Book: The Men Who United the States by Simon Winchester

America's Explorers, Inventors, Eccentrics and Mavericks, and the Creation of One Nation, Indivisible

A readable interesting book. It has five parts: Wood, Earth, Water, Fire and Metal, all contributing to and intertwined with the discoveries, explorations and development of America.

Winchester retells the familiar grand stories of our nation but also writes of more obscure adventurers, and scientists, geologists and visionaries…men many of us have never heard of, and acknowledges their contributions also, like the story of Calbraith Perry Rodgers for instance, "a flamboyant pioneer of early aviation [who] made the first transcontinental airplane flight between New York and Pasadena in the fall of 1911. It took seven weeks, interrupted by dozens of mishaps and and crashes."

There are the early explorations of our country, especially the Corps of Discovery led by Lewis and Clark with the help of Sacagawea, and John Wesley Powell's journey through the Grand Canyon, but also stories of the telephone, computers, radio, canals, dams, television, electricity, the telegraph, the Interstate system…

In 1919, General Eisenhower traveled with the Army Transcontinental Convoy as an observer on a road trip across the country on what turned out to be "deplorable roads, averaging 5.6 miles per hour on roads that were not suitable anywhere in Nebraska or Wyoming and …worse than useless in Utah.

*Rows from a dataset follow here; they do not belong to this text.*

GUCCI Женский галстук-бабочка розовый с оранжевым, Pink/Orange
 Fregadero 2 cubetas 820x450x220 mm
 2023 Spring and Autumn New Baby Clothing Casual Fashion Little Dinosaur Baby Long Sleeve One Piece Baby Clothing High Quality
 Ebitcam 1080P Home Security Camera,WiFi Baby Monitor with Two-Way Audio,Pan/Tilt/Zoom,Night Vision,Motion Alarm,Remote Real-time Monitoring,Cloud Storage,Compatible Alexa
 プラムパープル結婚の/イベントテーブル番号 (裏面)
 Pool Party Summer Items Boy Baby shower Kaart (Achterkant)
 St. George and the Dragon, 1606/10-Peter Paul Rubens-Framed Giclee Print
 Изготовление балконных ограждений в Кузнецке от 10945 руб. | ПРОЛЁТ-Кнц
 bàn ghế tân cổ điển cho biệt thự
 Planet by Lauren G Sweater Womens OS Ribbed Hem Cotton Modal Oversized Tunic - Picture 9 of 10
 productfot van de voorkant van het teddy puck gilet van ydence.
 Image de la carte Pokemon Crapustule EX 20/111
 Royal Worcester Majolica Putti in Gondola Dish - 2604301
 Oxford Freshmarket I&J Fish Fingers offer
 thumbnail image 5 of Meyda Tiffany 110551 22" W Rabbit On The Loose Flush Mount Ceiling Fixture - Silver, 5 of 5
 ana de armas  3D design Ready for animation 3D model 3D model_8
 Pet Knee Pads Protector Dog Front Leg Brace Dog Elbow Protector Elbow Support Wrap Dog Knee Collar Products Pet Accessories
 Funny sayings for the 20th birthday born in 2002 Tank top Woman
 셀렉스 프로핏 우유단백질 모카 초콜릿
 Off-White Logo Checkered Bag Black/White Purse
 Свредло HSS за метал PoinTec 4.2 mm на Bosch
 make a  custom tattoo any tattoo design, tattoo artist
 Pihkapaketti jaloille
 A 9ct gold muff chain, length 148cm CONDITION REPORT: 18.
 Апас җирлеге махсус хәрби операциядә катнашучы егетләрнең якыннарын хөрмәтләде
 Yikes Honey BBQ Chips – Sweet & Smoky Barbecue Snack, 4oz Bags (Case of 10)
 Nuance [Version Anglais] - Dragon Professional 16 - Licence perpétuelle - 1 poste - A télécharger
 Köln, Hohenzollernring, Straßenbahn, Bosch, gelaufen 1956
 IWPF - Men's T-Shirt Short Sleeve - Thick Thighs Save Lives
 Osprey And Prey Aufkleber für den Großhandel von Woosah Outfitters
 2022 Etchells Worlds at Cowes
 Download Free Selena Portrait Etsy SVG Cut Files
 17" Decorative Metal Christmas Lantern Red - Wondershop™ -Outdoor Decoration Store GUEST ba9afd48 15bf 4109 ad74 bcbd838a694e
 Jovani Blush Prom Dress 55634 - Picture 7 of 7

Most of Nevada was a near  trackless waste where the expedition got itself hopelessly lost...The roads were execrable…and the seed of the idea of the Interstate highway System had been planted." While it was eventually named after Eisenhower, "it was one Thomas MacDonald who…fashioned the billions of tons of concrete and steel in a such a manner as to make the notion whole..."

Thomas MacDonald is another of the men Winchester resurrects... "a half-forgotten man today but whose unforgettable legacy was to give Americans of all stations the ability to cross their country by road at speed and with ease…" And FDR was the man who argued for a four-lane divided highway.

The author tells a personal story of showing a 7-year-old in western Queensland in Australia what the Internet and World Wide Web could produce and how the boy was thrilled such that he "placed his hands gently across Gidgee's (his pet lamb) woolly face and pointed the creature's eyes directly at the screen. He lowered his head and, desperate to share the moment with his best friend, said solemnly to the little lamb, 'Look Gidgee! It's Mars!'"

This is a history book rich with detail but not boring, thanks to Winchester's gift of writing.